A Grand Tour Of Harlem, photo: Andrew LernerWhen traveling to New York City, the obvious hot spots are Times Square, Grand Central, the Empire State Building, etc.  With so much to see and do, it’s hard to see the whole city in one trip.  That being said, there is one neighborhood that most people don’t make time for, but should.  That neighborhood is Harlem.  Luckily, a tour group called Free Tours by Foot offers a fabulous tour of the neighborhood.  Home to a number of historically famous landmarks, Harlem has gone through several phases of gentrification and depression, as well.  Originally a farming territory until the late 1800’s, Harlem was a separate colony from Manhattan, connected by Broadway.  If you have ever actually explored the neighborhood, you know how hilly it is.  Those hills were once cliffs that now serve as sidewalks, roads, and parks.  

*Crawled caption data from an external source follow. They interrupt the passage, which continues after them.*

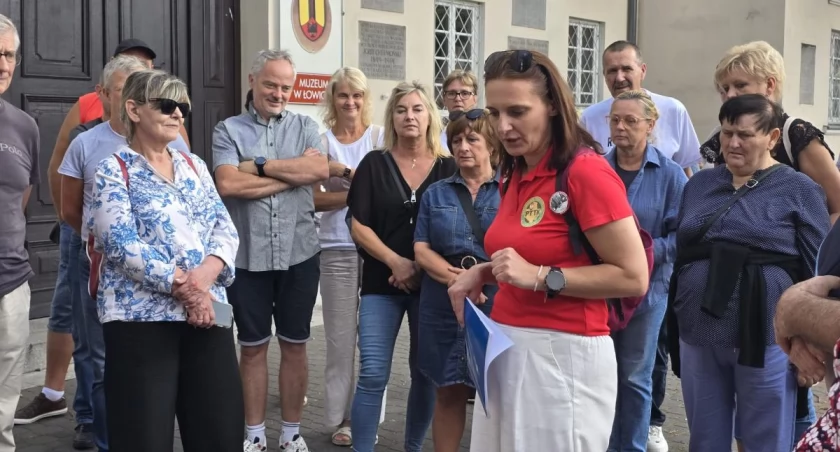 Rozpoczął się ostatni wakacyjny spacer z łowickimi przewodnikami (foto)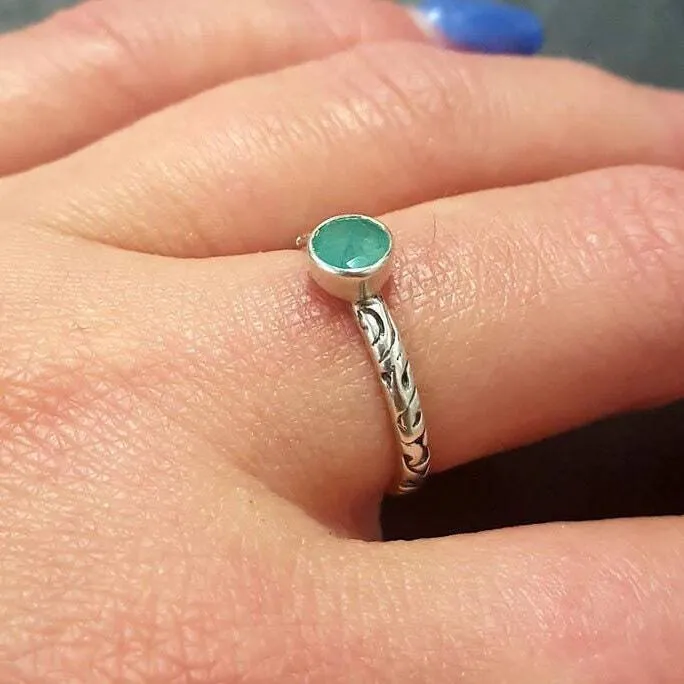 Genuine Emerald Ring - Engraved Silver Ring - Green Round Ring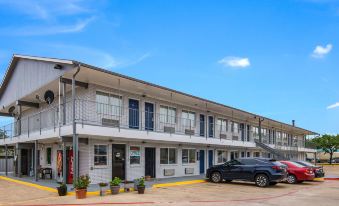 Knights Inn North Richland Hills - Housity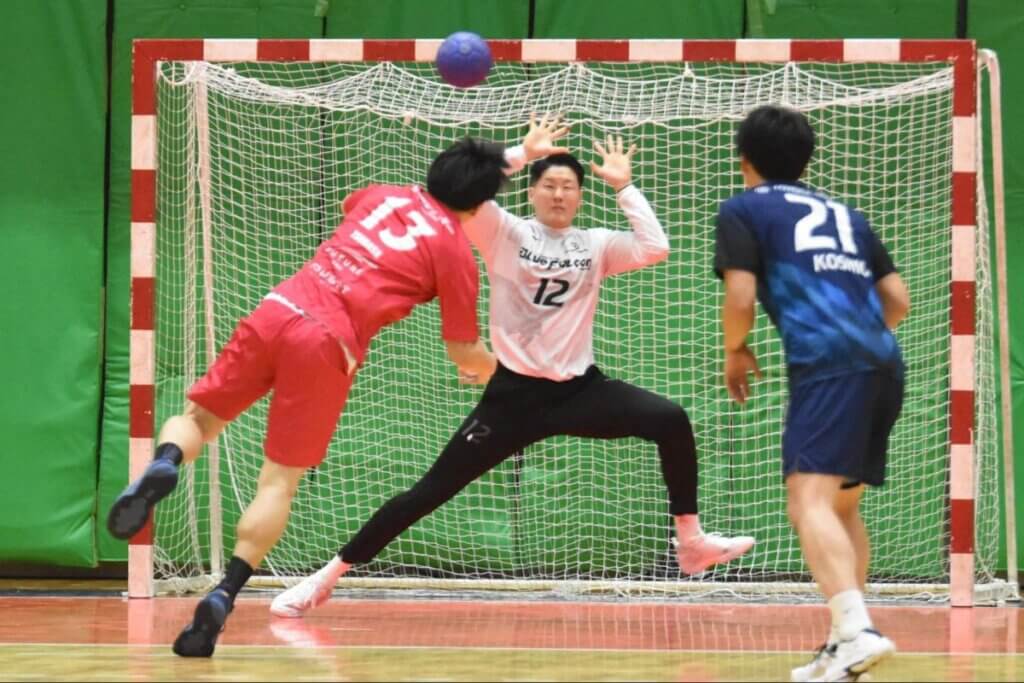 190cmの長身でも爆発的に動けるのが、GK中村匠の魅力。リバウンドボールにもピョンと飛びつく俊敏性もある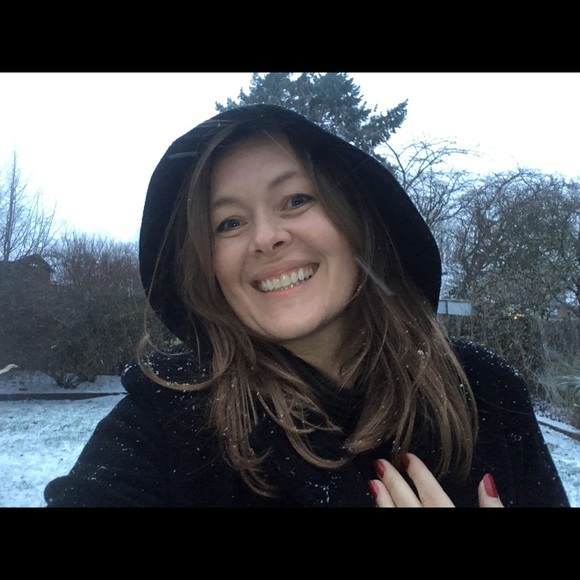 Meet your Posher, April - Picture 2 of 3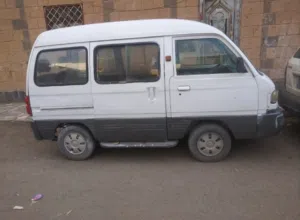 باص دايو سوبر ابيض 2006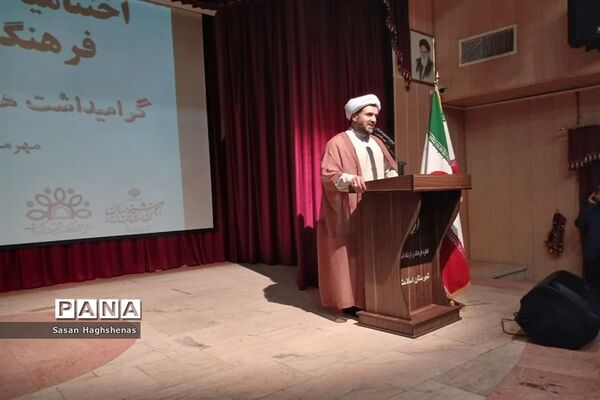 اختتامیه نمایشگاه خوشنویسی خط سرخ درشهرستان اسلامشهر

What really made upper Manhattan more accessible was the construction of railroads – namely the Metro North Railroad originating from Grand Central Concourse (now Grand Central Terminal).  The first immigrants to begin settling uptown were the Germans and Jews in Yorkville, as well as Italians, all alongside the famous Harry Houdini who lived on 113th street and 7th avenue.  This migration uptown lead to what we know as the Harlem Renaissance.  

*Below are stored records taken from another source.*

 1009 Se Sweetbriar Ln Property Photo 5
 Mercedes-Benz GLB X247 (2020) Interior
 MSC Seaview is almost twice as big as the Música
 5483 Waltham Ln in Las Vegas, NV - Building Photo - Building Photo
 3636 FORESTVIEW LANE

You might be wondering how Harlem went from farming rural land to the urban metropolis it is today.  Well, did you know that Manhattan was the second largest slave town in the world at one point?  Only Charleston, South Carolina saw more slaves than NYC.  They cut down all the trees on Broadway, and built sewers.  1827, though, finally saw the end of slavery in Manhattan.

 
This tour also highlighted some points of interest like famous churches, and the old Harlem Renaissance Ballroom.  Two streets in particular stood out in the neighborhood as being exceptionally beautiful.  Lined with trees and gorgeous brownstones, 138th and 139th streets are nicknamed “Striver’s Row,” as the residents there strive to maintain the beauty.  We also saw, from a distance, the Harlem YMCA, which was the front porch of the Harlem Renaissance.  At that time, the facility had SRO’s, or single room occupancies, one of which actually housed Malcolm X for about 4 months.  


After riots ravaged the neighborhood from 1964-1968, the building owners had to come up with ways to get tenants back uptown.  As a result, leases were sold for $1 and investors would have the buildings to do with what they pleased.   The city saw this as an opportunity to make some cash, and by 1993, the city of New York owned 60% of the buildings in Harlem.  


Luckily, the neighborhood that we know and love today continues to gentrify and thrive.  Harlem is a culturally rich neighborhood home to a diverse multitude of people.  Sometimes it feels more suburban; with block parties in the 140’s every weekend over the summer, and sometimes it feels super urban with street vendors lining busy streets.  Whatever you fancy, Harlem is a perfect neighborhood to explore on your next trip to New York City, especially with Free Tours by Foot.